Dan Pinkerton

AVOIDANCE AS OLYMPIC SPORT

I’m landlocked, tethered, riveted by some
game I’ve never heard of, guys in Speedos
agitating a pool, trying to toss

a volleyball through a net. I always
thought this contest was cooked up by my eighth
grade gym coach, yet here it is on primetime,

starring a crew of husky undergrads
from Stanford, amid ads for Coke Zero
and restless leg remedies.

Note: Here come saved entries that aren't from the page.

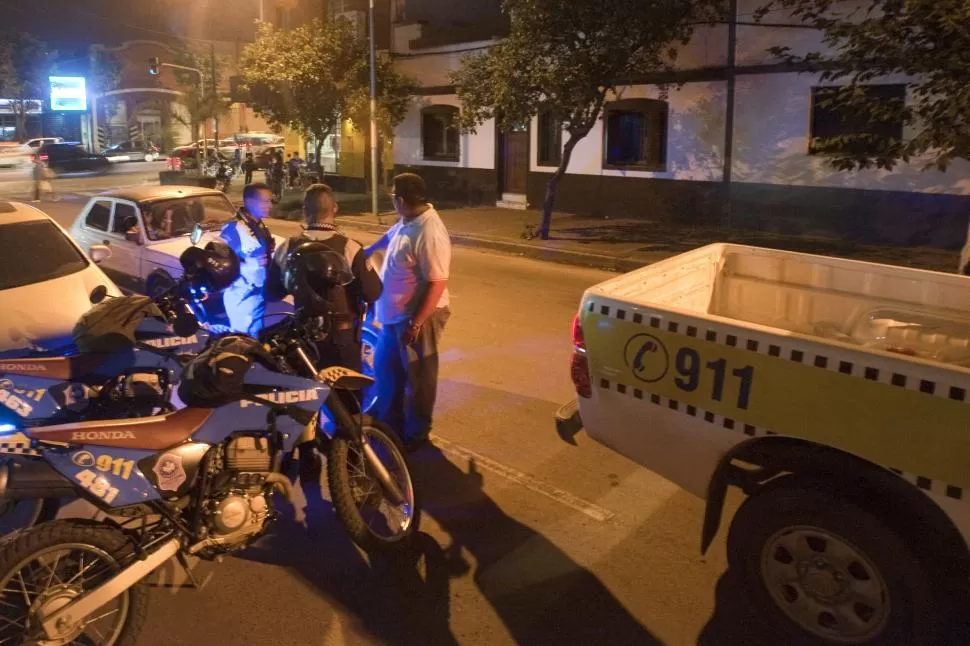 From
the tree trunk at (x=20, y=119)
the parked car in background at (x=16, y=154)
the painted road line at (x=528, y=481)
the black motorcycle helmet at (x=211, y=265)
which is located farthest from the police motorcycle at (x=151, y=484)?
the tree trunk at (x=20, y=119)

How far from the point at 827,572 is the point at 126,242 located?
26.8ft

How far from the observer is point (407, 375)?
5605 mm

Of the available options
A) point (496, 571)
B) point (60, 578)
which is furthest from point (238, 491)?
point (496, 571)

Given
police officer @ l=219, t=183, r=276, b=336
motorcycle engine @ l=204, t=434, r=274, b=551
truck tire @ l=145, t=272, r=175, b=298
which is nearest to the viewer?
motorcycle engine @ l=204, t=434, r=274, b=551

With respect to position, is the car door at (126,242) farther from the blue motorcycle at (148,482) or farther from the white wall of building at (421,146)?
the white wall of building at (421,146)

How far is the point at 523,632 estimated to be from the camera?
369 cm

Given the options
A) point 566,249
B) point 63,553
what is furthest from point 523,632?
point 566,249

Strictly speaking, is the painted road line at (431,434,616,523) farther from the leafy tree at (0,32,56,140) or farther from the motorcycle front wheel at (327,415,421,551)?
the leafy tree at (0,32,56,140)

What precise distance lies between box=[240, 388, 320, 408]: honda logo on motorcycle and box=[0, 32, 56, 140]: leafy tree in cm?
7108

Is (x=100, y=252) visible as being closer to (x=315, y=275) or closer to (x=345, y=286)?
(x=345, y=286)

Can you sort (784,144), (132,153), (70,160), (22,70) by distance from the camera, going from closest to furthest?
(784,144)
(70,160)
(132,153)
(22,70)

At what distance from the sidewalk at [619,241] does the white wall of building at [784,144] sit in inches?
44.6

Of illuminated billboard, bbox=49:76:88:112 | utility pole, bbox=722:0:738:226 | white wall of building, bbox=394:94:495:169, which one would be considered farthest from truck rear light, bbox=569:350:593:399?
illuminated billboard, bbox=49:76:88:112

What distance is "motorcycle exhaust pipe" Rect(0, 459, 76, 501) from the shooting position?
3.31 m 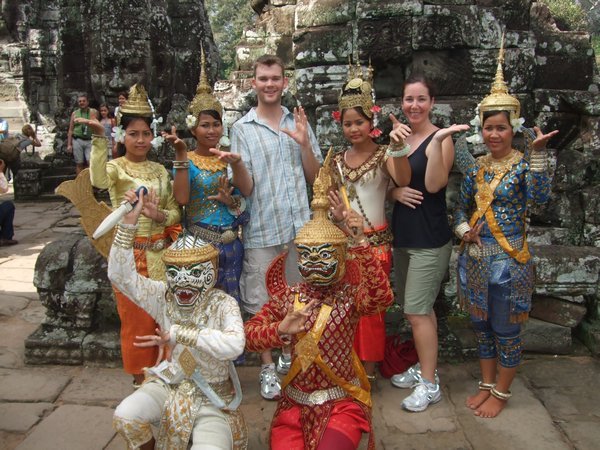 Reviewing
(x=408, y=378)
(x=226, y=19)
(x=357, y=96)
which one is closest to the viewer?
(x=357, y=96)

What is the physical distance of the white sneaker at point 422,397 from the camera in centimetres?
349

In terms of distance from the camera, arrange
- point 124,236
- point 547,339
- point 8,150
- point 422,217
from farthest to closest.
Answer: point 8,150 < point 547,339 < point 422,217 < point 124,236

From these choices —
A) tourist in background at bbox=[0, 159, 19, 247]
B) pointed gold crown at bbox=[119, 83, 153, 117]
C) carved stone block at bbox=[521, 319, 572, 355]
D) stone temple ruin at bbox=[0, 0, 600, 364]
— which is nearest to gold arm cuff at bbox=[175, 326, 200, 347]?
pointed gold crown at bbox=[119, 83, 153, 117]

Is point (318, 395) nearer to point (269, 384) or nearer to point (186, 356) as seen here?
point (186, 356)


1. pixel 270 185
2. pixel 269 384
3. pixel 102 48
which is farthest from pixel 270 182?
pixel 102 48

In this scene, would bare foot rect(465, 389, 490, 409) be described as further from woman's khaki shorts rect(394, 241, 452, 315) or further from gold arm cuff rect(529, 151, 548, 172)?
gold arm cuff rect(529, 151, 548, 172)

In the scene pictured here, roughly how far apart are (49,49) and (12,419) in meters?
15.0

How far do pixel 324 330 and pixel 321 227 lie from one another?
1.55 ft

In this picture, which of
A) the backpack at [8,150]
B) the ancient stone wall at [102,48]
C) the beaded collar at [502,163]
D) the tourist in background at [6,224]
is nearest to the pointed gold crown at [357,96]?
the beaded collar at [502,163]

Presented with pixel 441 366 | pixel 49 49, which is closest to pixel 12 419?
pixel 441 366

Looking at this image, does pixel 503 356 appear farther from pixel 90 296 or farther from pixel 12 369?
pixel 12 369

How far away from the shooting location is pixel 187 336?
2.56 m

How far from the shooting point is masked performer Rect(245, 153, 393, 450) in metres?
2.62

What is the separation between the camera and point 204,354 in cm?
272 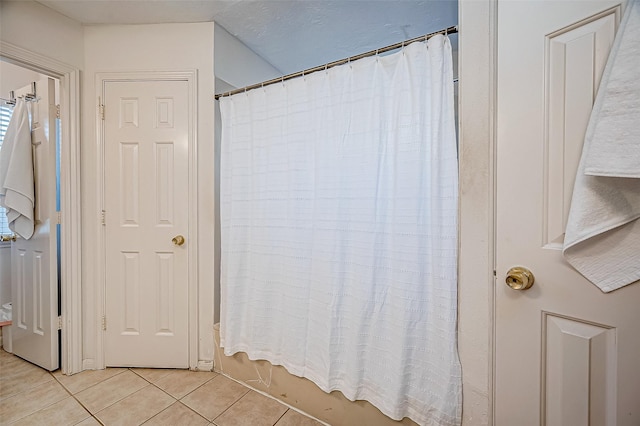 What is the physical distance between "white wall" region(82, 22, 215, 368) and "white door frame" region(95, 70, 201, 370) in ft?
0.10

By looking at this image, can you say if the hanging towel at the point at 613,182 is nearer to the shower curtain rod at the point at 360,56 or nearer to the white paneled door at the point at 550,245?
the white paneled door at the point at 550,245

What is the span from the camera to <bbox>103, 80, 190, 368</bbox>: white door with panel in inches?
71.8

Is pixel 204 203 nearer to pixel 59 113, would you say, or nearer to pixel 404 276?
pixel 59 113

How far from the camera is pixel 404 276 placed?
3.83 feet

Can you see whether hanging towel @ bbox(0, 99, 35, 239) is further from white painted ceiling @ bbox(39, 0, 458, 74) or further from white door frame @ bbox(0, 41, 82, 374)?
white painted ceiling @ bbox(39, 0, 458, 74)

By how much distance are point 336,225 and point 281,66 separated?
70.7 inches

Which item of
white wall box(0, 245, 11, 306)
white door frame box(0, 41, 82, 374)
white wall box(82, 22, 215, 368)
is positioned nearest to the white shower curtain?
white wall box(82, 22, 215, 368)

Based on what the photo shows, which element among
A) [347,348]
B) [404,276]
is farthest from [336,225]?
[347,348]

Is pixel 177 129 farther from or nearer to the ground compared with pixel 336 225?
farther from the ground

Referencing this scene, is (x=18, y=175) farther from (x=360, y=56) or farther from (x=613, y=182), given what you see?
(x=613, y=182)

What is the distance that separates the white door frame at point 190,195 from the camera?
1.82m

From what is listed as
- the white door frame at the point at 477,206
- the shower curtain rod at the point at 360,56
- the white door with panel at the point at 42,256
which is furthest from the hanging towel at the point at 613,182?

The summer

Olympiad, and I’m avoiding my
mother. I’ve failed in my filial bonds
again, this time through inaction. After

I went AWOL, my father tried to mow
the yard himself, a non-sanctioned contest
that left him in spasms. I feel ugly

for being branded by guilt—and, I guess,
for being a bad seed. My suggestion
that my parents get a goat now seems gauche,

maybe even “got their goat.” So I turn
back to this synchronized water soccer
or whatever, soaking myself in it,

able to feel both reprehensible
on a private level while misty-eyed
with pride for my swim-suited countrymen.


CODE

My name became freighted, oblique, dumb,
the clattering on my teeth and tongue
a hammer drawing forth a sword-edge.

The handle was how people held fast,
and I could feel their grip loosening.
I lost weight, became veined and brittle,

was handed an album of photos
allegedly of me which I burned
that same day in the fire. I began

wiping my fingerprints from every
surface. Yet people kept sharing with
me the cruel ligatures of their lives,

the rip currents, the infirmities,
as though these were remarkable gifts.
By way of reply I read numbers

from a screen, a prosperity code
no one had solved. This did not salve
many wounds or win many fresh friends

but I was paid handsomely for it—
so handsomely, in fact, that I grew
contemptuous of the jeweled face

staring me down, spewing its numbers
as I held the blade to its jaw. It
was not my own, you must believe me.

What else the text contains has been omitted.